Excerpts from a dataset:

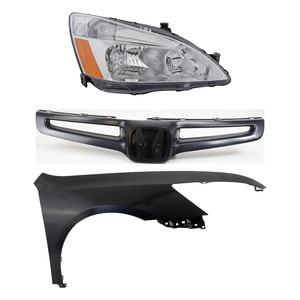 Headlight Assembly for 2003-2005 Honda Accord, Right Passenger Side, Halogen, 3-Piece Kit with Fender and Grille Assembly, Replacement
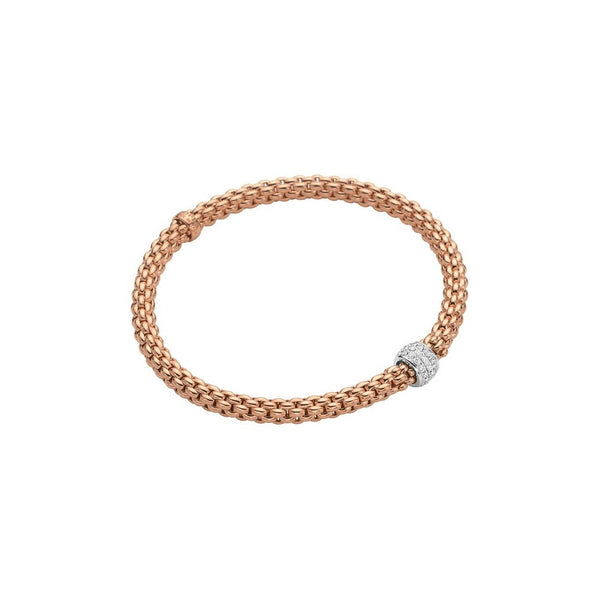 Fope Flex'it Rondel Pave Bracelet -Size Medium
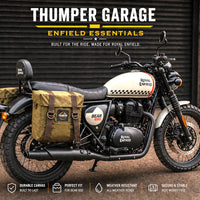 OLIVE MILITARY PANNIER BAGS FIT FOR ROYAL ENFIELD BEAR 650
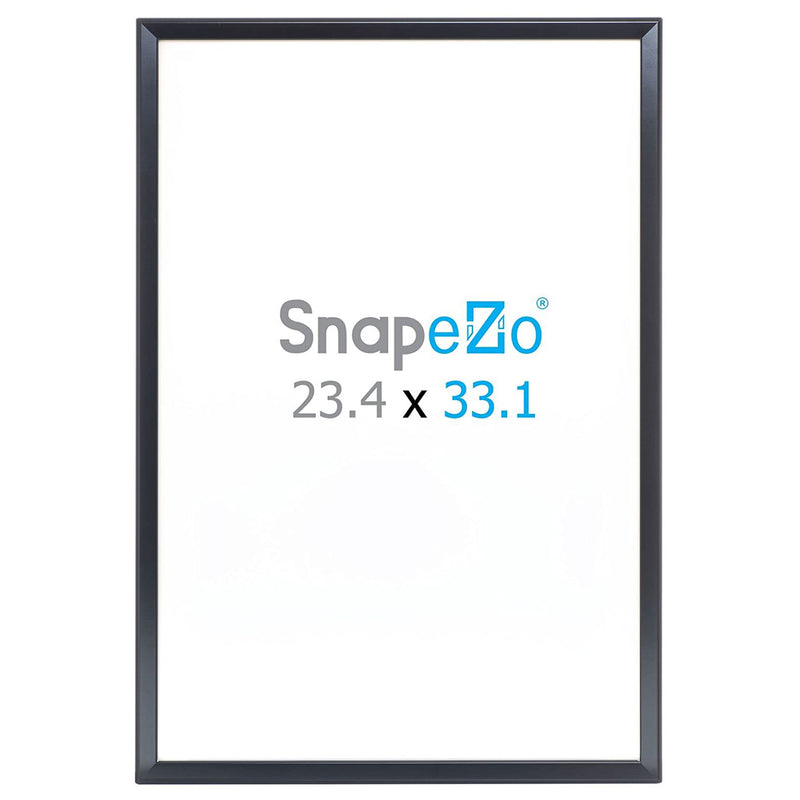 SnapeZo Aluminum Metal Front Loading A1 Snap Poster Frame, Black, 23.4 x 33.1"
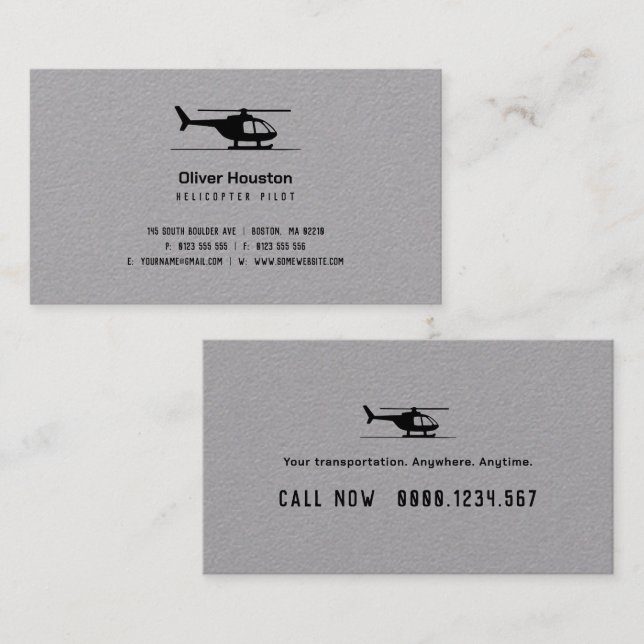 Helicopter Pilot | Transportation Business Card (Front/Back)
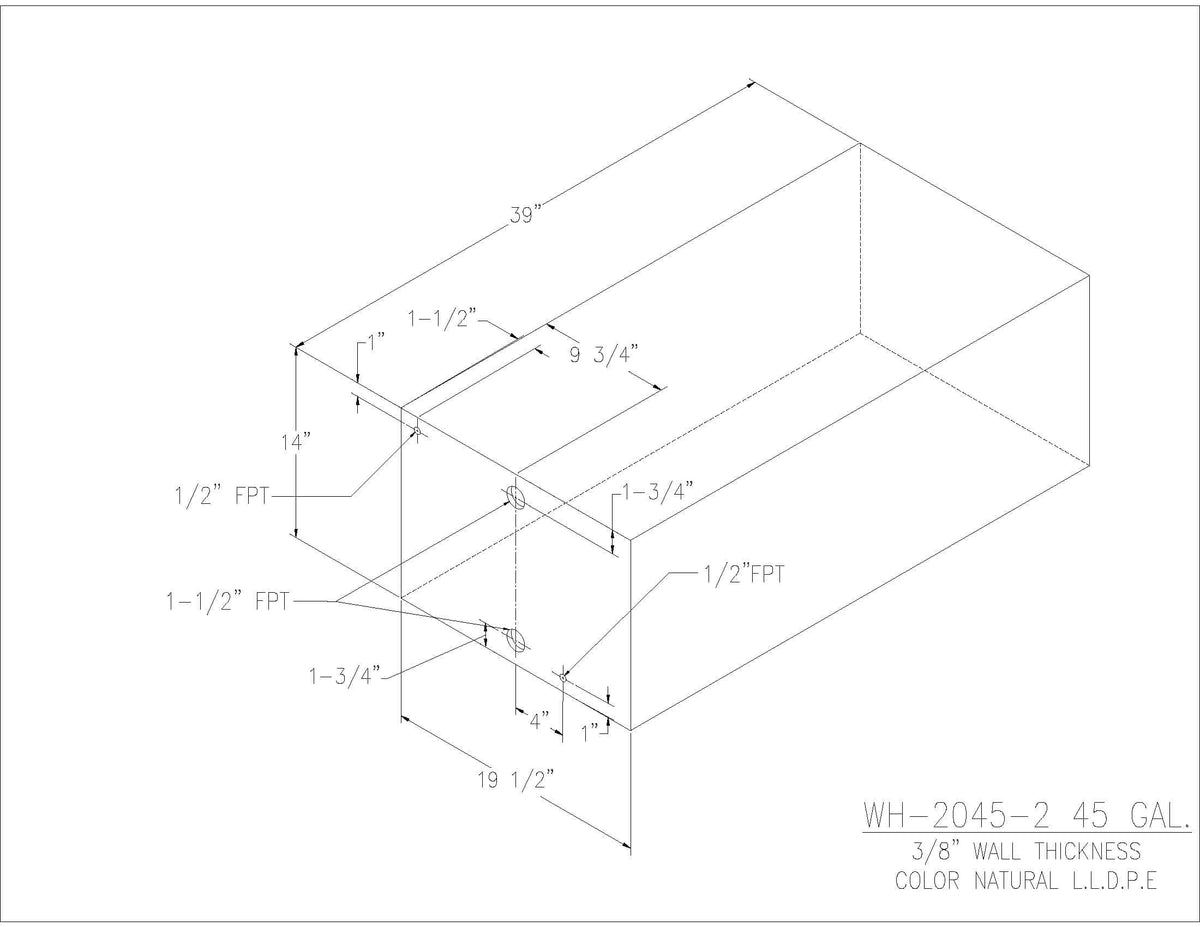 Trionic WH-2045-2 45 gallon water/holding tank drawing with fitting locations, 39 x 19.5 x 14 in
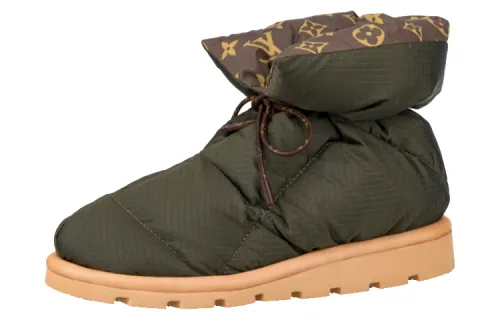 LOUIS VUITTON Pillow Comfort Ankle Boots 'Olive Green With Brown' Women's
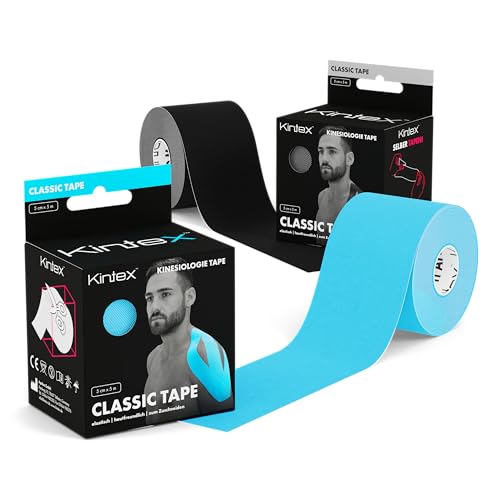 Kintex 2 Rollen Kinesiologie Tape Classic, 5 cm x 5 m, hautfreundliches & wasserfestes Kinesiologie Tape, Physio Tape, Medizinisches Tape (Gemischt) von Kintex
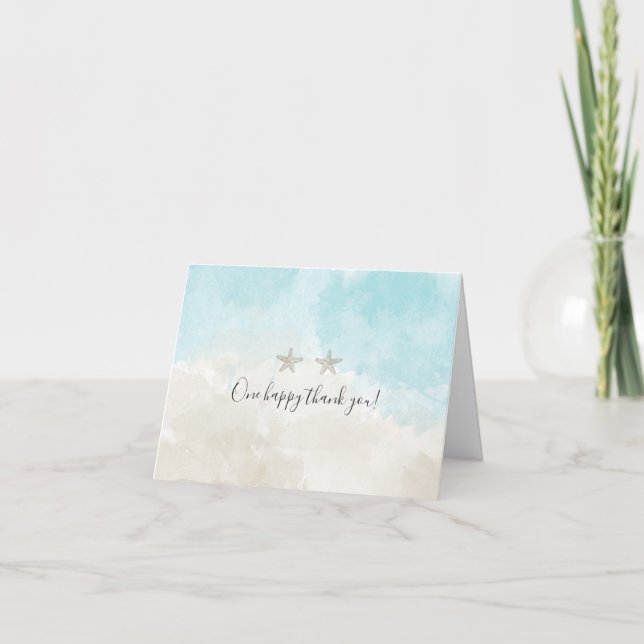 Two Starfish Watercolor thank you note invitation (Front)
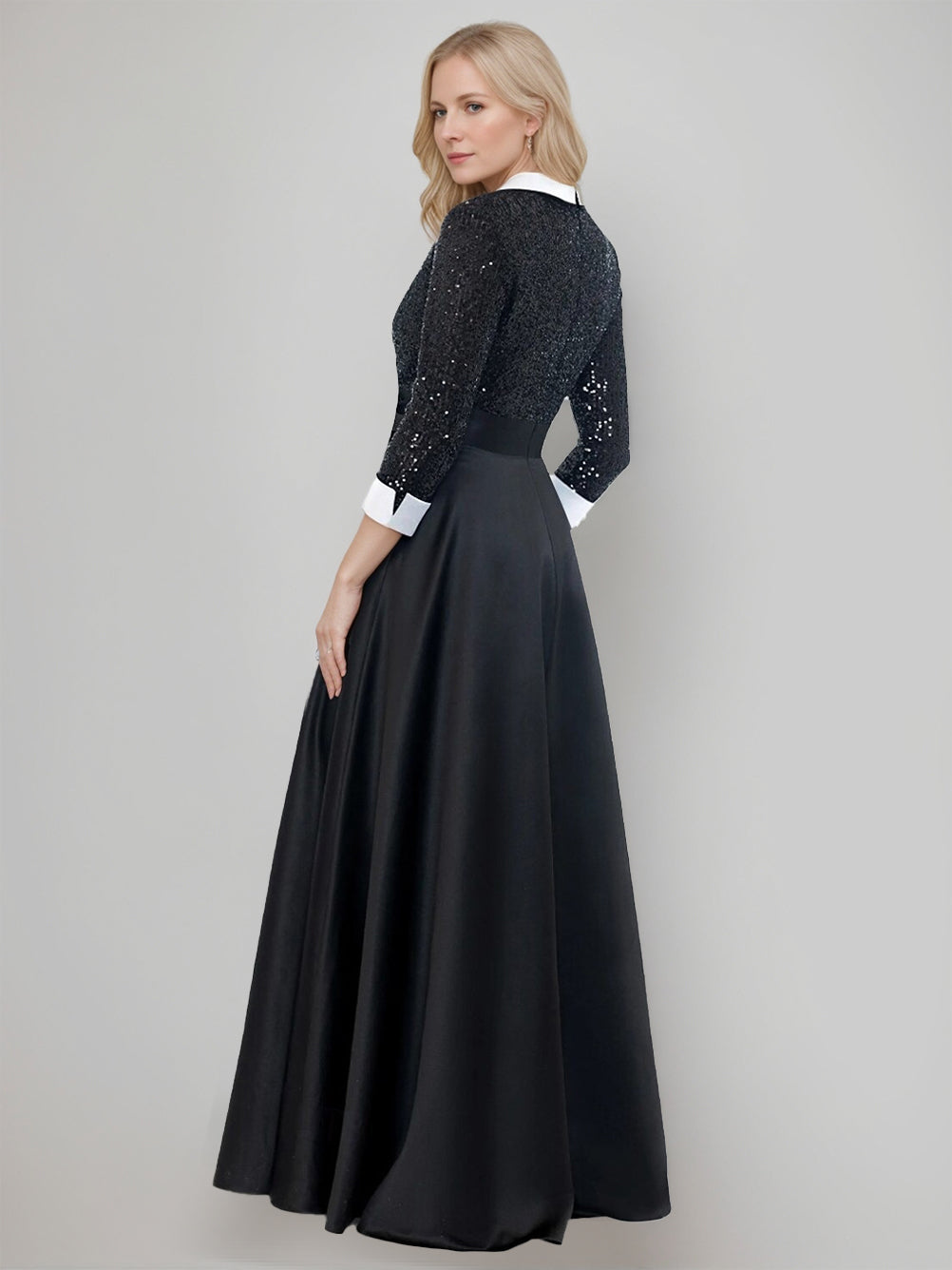 Ligne A/Princesse Shirt Collar 3/4 Manches La Longueur du Sol Robes Mère de La Mariée avec Paillettes & Self-tie Ceinture & Poche 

**YOUR ASSIGNMENT:** Would you copy out, exactly and with no pictures, only the lines above from the one that contains "SnapeZo Aluminum Metal" through the one that contains "Two Starfish Watercolor"?

**ANSWER TO THE PROBLEM:**
 SnapeZo Aluminum Metal Front Loading A1 Snap Poster Frame, Black, 23.4 x 33.1"
 Helicopter Pilot | Transportation Business Card (Front/Back)
 Trionic WH-2045-2 45 gallon water/holding tank drawing with fitting locations, 39 x 19.5 x 14 in
 LOUIS VUITTON Pillow Comfort Ankle Boots 'Olive Green With Brown' Women's
 Kintex 2 Rollen Kinesiologie Tape Classic, 5 cm x 5 m, hautfreundliches & wasserfestes Kinesiologie Tape, Physio Tape, Medizinisches Tape (Gemischt) von Kintex
 Two Starfish Watercolor thank you note invitation (Front)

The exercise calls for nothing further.